Dosen UBL Laporkan Mahasiswa Aksi Turunkan SPP Ke Polresta

Ilustrasi/RMOLLampung
Ilustrasi/RMOLLampung

Sejumlah mahasiswa Universitas Bandar Lampung (UBL) dilaporkan Wakil Rektor (WR) 3 ke Polresta Bandarlampung, dengan dugaan tindak pidana melakukan pelanggaran kekarantinaan.

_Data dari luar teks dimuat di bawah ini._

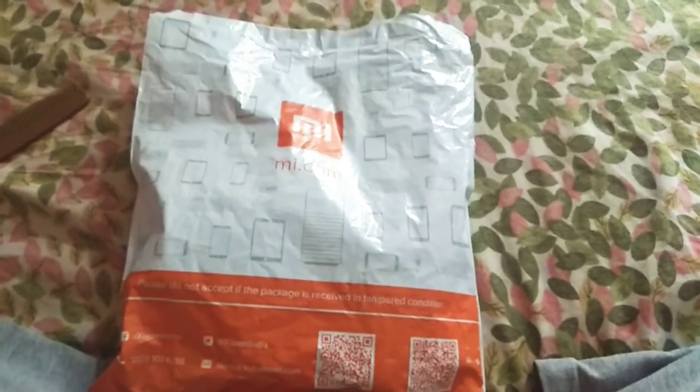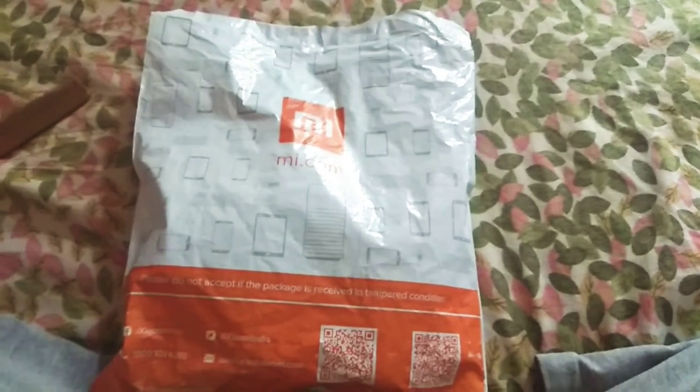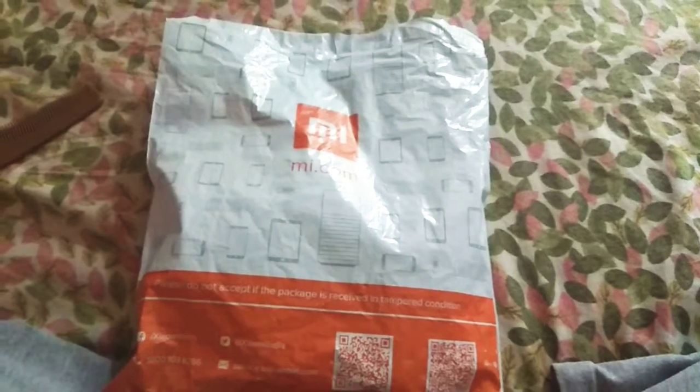Hi guys, welcome back to my channel. My name is Padmaka. I am going to unbox MI Band 3.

Koordinator Lapangan Aksi, Rizky Aditia Nugraha, mengatakan memang ada beberapa mahasiswa UBL yang dilaporkan oleh WR 3 ke polisi, akibat aksi yang dilakukan oleh sejumlah mahasiswa di depan gedung Rektorat UBL tanggal 17 Februari 2020.

"Benar ada  dua mahasiswa namanya Sultan dan Reno, kalau saya belum tahu dilaporkan atau tidak. Mereka dilaporkan oleh Bambang ke pihak kepolisian dengan dugaan tindak pidana melakukan pelanggaran kekarantinaan," katanya, Selasa (23/2).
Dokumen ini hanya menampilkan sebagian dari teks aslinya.